As emoções são processos psicobiológicos dinâmicos que envolvem mudanças coordenadas nos sistemas fisiológico, comportamental, experiencial e cognitivo, desencadeadas por estímulos que representam relevância ou valor.

As emoções são processos psicobiológicos dinâmicos que envolvem mudanças coordenadas nos sistemas fisiológico, comportamental, experiencial e cognitivo, desencadeadas por estímulos internos ou externos que representam relevância ou valor. Embora frequentemente apresentem início rápido e duração relativamente breve, as emoções podem variar em intensidade e temporalidade. Em geral, são dirigidas a um objeto ou evento específico e exercem função adaptativa ao preparar o organismo para a ação. Por exemplo, sentir medo diante de uma ameaça mobiliza respostas autonômicas e comportamentais imediatas que aumentam as chances de proteção.

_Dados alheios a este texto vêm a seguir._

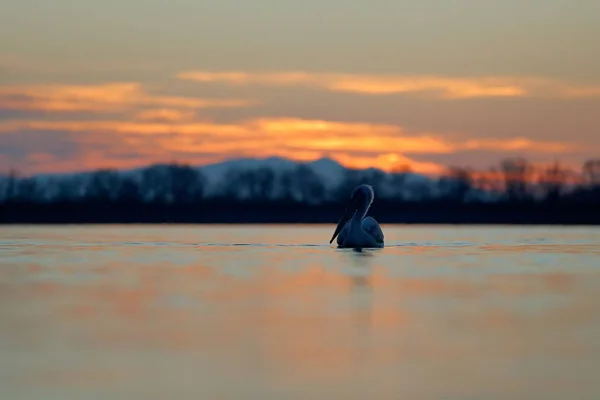 Pelikan bei schönem Sonnenaufgang — Stockfoto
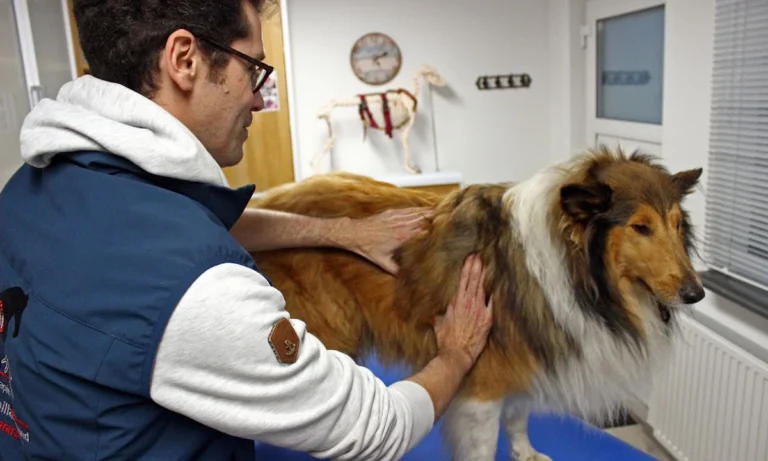 Tierarzt Maximilian Welter - Manualtherapie für Pferd & Hund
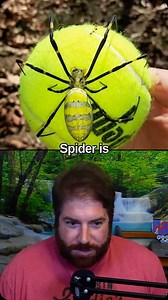 9.5K views · 137 reactions | Giant venomous flying spiders with 4-inch legs to invade the New York area in 2024 as they spread across East Coast, experts say | Hard Factor | Facebook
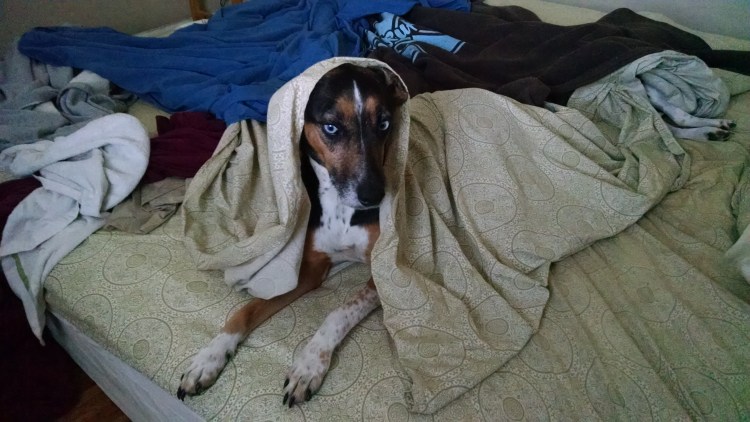 IMG_20171211_071358325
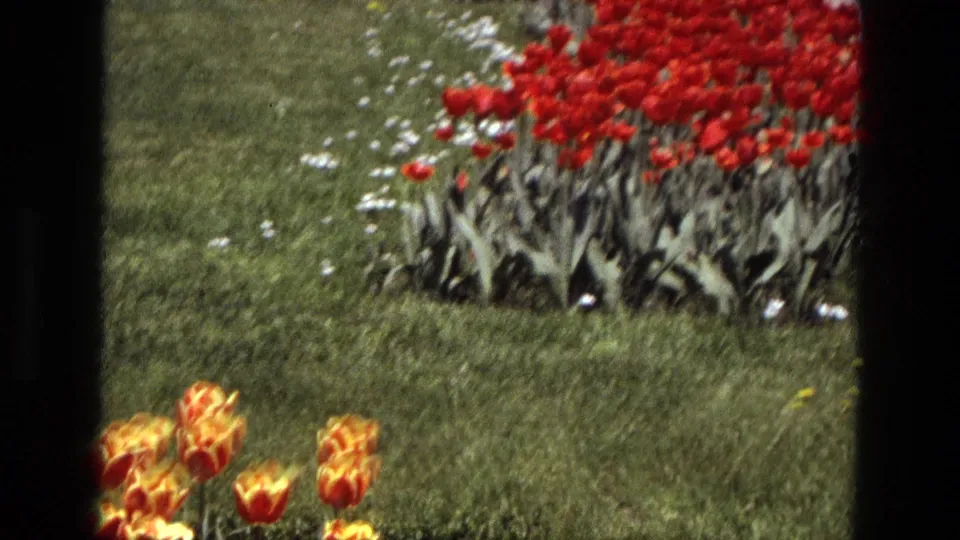 1972 Iran 8mm frame showing tulip beds in a manicured lawn, with saturated color and dark contact-sheet borders.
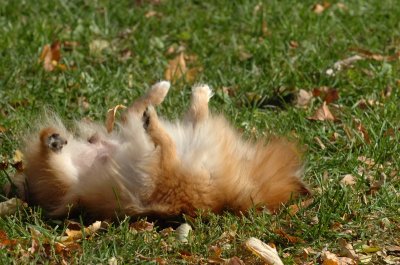 Oct26_06_051.JPG
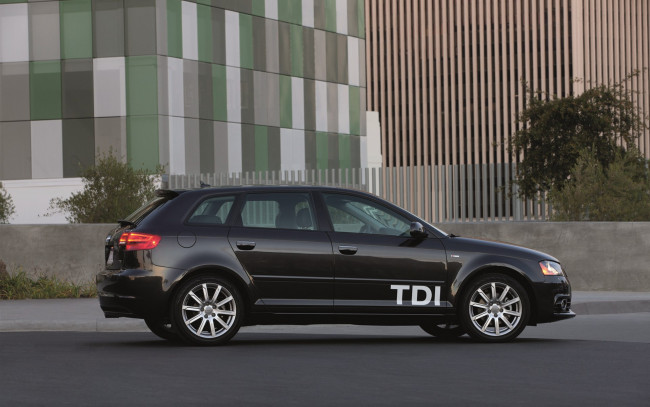 Обои картинки фото audi, a3, tdi, 2011, автомобили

É importante distingui-las de sentimentos e estados de humor. Os sentimentos correspondem à experiência subjetiva e consciente da emoção, isto é, à forma como a pessoa percebe e interpreta suas alterações corporais e o significado atribuído à situação. Assim, após a perda de uma pessoa querida, a emoção de tristeza pode se manifestar por choro, aperto no peito, dificuldade de dormir e retraimento; o sentimento seria a consciência dessa experiência mais completa e mais duradoura.

Já os estados de humor são estados afetivos ainda mais duradouros, difusos e menos direcionados a um objeto específico. Diferentemente da emoção de tristeza circunstancial após um evento concreto, o humor deprimido, por exemplo, caracteriza-se por uma tonalidade afetiva persistente, que pode durar semanas ou meses, nem sempre vinculada a um gatilho claramente identificável (como ocorre nos quadros depressivos).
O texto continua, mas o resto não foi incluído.